_How to complete this task_
Would you retype exactly the lines below, starting with the one that has "Adeland 12 Renk Sulu Boya Fırça 12 Li" and going on through the one that has "Mercana White Blooms", with no pictures and nothing else?

_Data extracts_
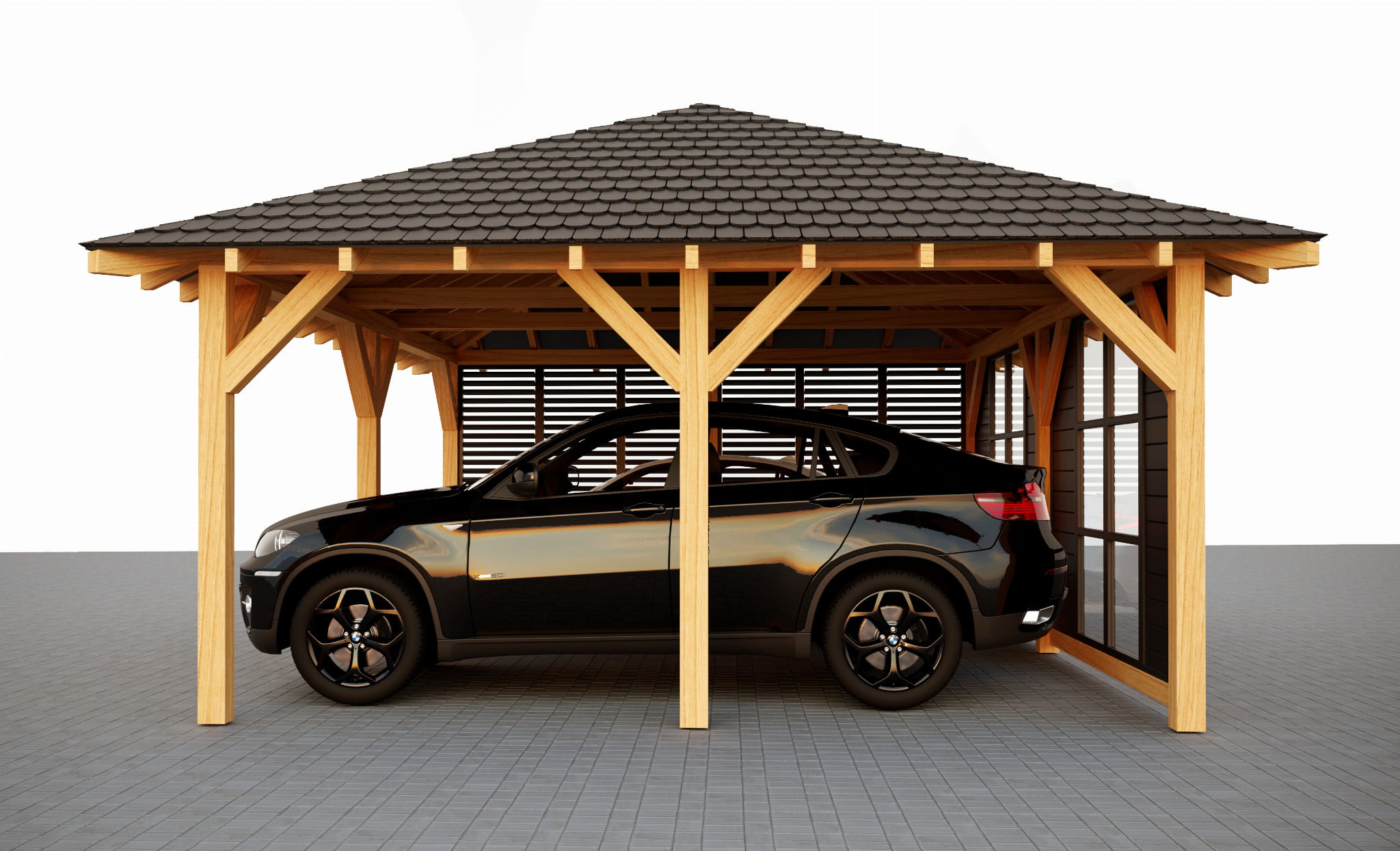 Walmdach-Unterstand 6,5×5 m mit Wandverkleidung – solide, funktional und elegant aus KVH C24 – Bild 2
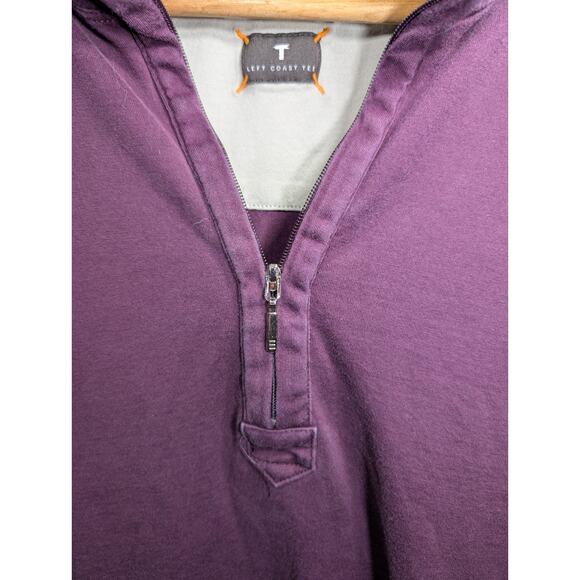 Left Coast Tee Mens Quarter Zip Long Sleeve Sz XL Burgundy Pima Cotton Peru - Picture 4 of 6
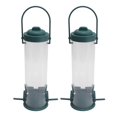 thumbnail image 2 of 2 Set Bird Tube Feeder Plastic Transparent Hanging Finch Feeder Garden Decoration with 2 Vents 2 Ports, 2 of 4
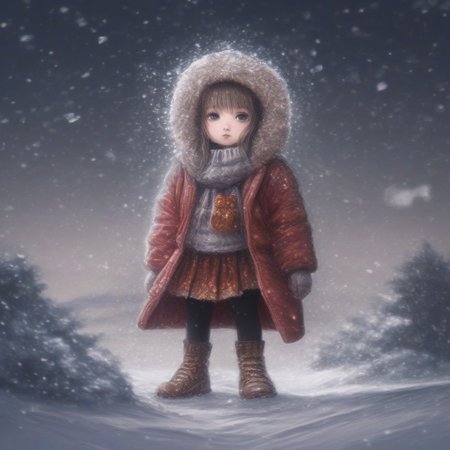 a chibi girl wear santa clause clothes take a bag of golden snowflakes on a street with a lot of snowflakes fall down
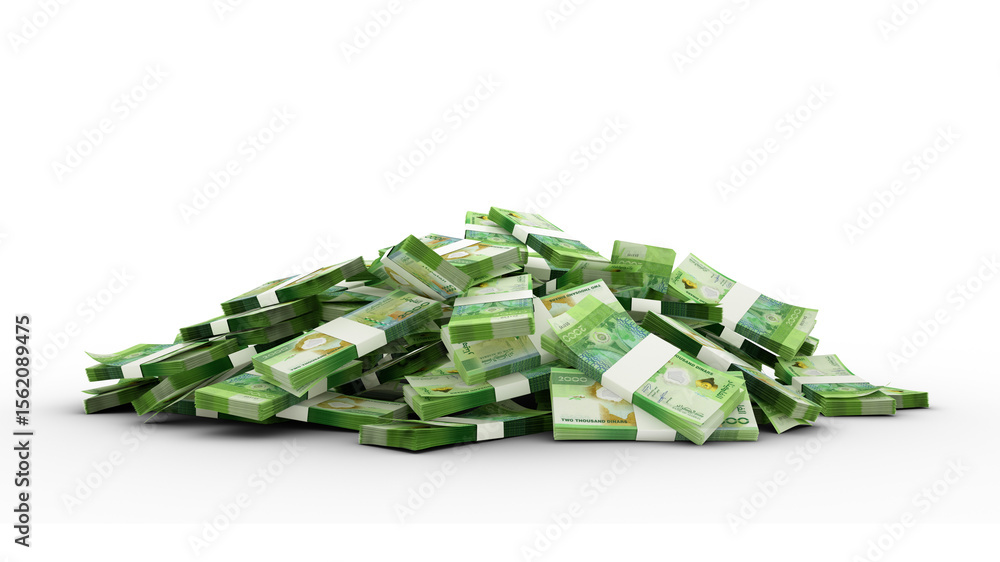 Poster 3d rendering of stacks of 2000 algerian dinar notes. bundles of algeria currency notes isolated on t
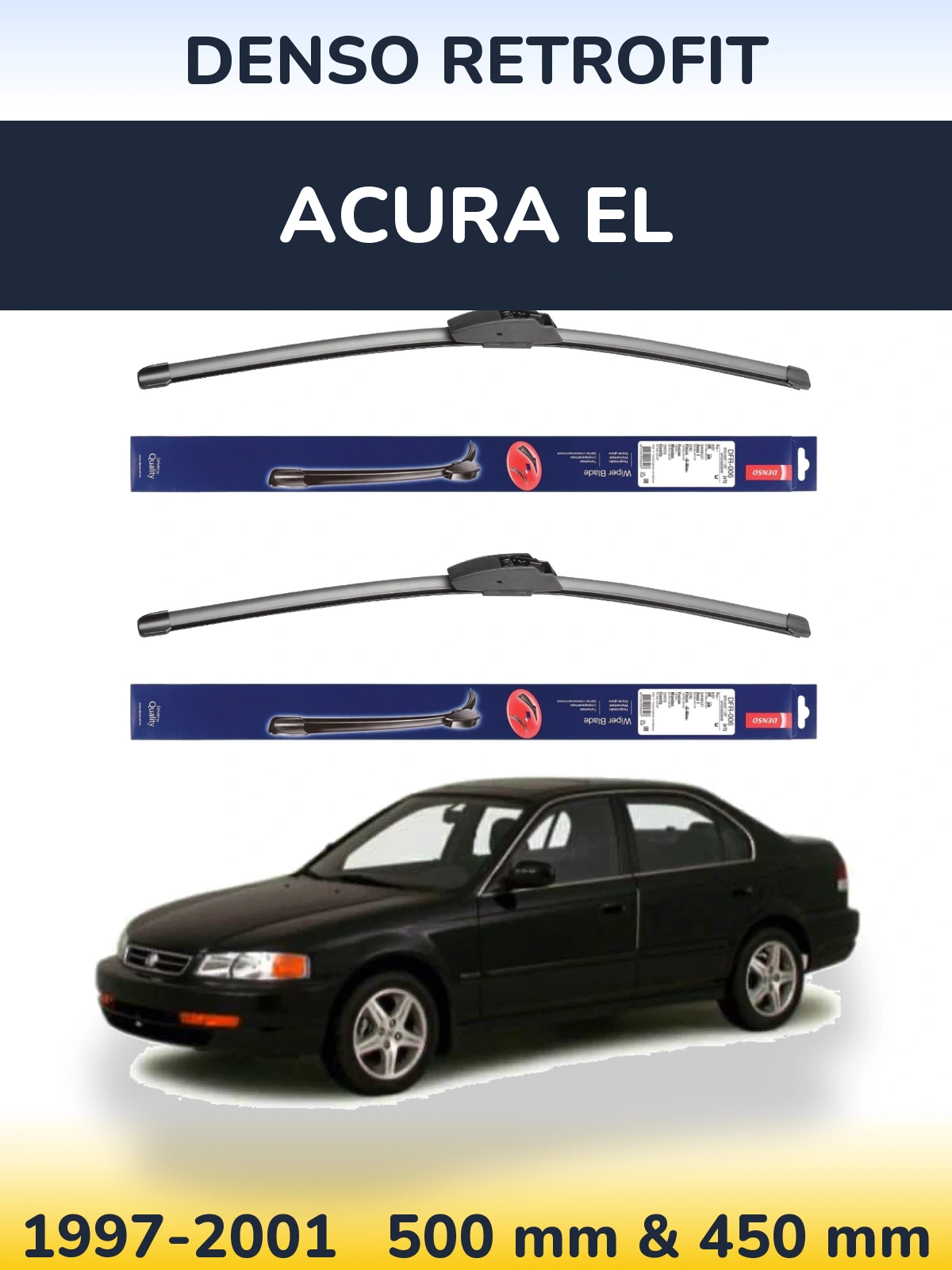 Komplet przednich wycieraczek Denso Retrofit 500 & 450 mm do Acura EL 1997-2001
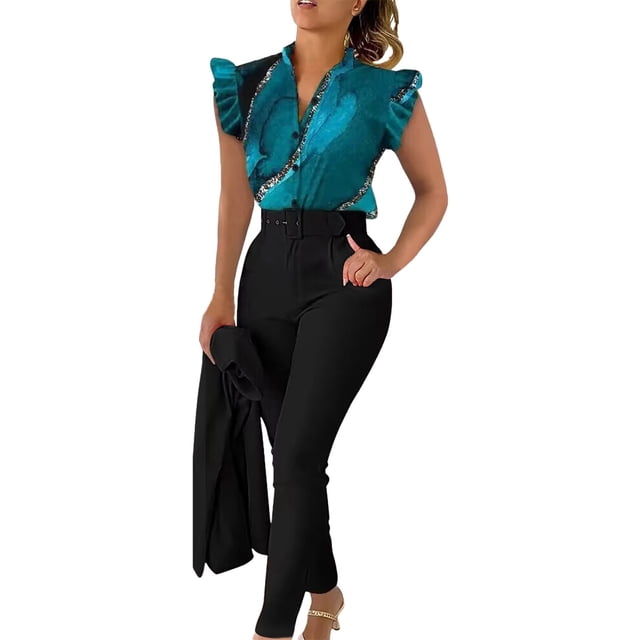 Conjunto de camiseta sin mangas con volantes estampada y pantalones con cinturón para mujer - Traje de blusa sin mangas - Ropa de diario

...

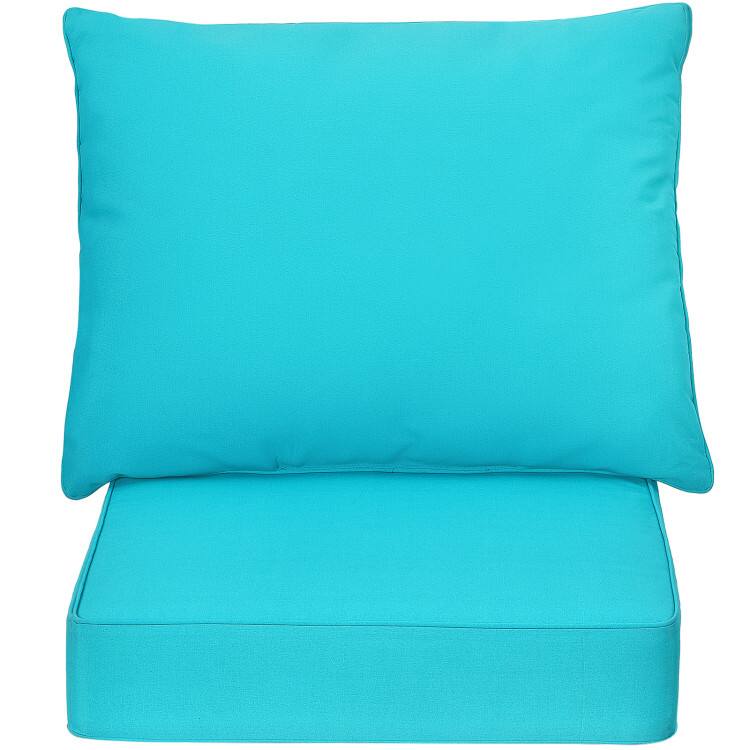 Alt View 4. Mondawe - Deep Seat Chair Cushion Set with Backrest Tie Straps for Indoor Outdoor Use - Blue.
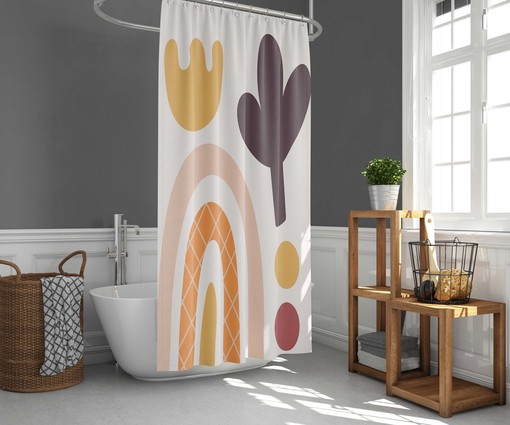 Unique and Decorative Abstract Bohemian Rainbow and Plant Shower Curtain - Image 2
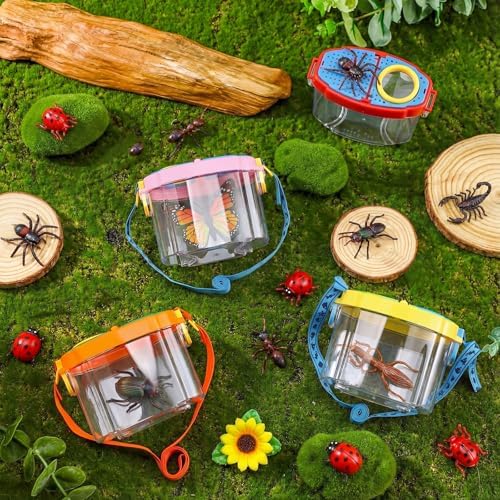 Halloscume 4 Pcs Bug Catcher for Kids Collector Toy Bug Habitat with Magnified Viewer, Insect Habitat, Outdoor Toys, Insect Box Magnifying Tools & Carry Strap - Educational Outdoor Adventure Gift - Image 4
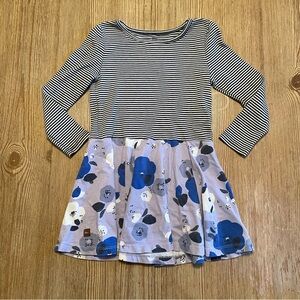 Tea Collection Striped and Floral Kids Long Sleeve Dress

* * *

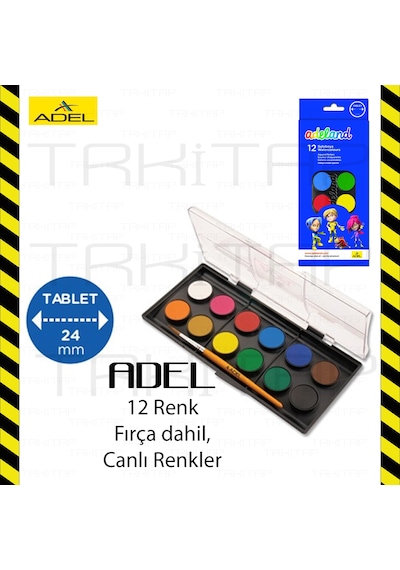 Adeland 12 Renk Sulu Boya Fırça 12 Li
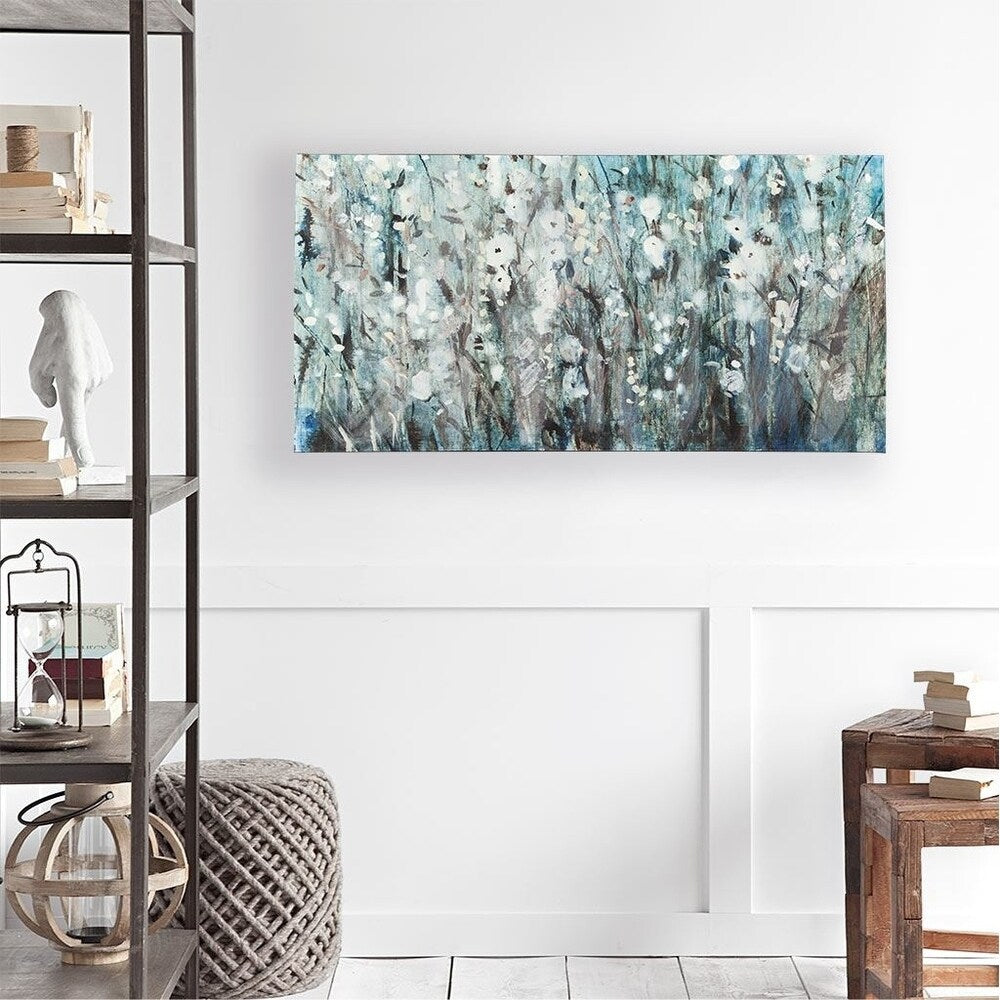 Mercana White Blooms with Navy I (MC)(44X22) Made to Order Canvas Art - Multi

_Written solution_
 Adeland 12 Renk Sulu Boya Fırça 12 Li
 Mercana White Blooms with Navy I (MC)(44X22) Made to Order Canvas Art - Multi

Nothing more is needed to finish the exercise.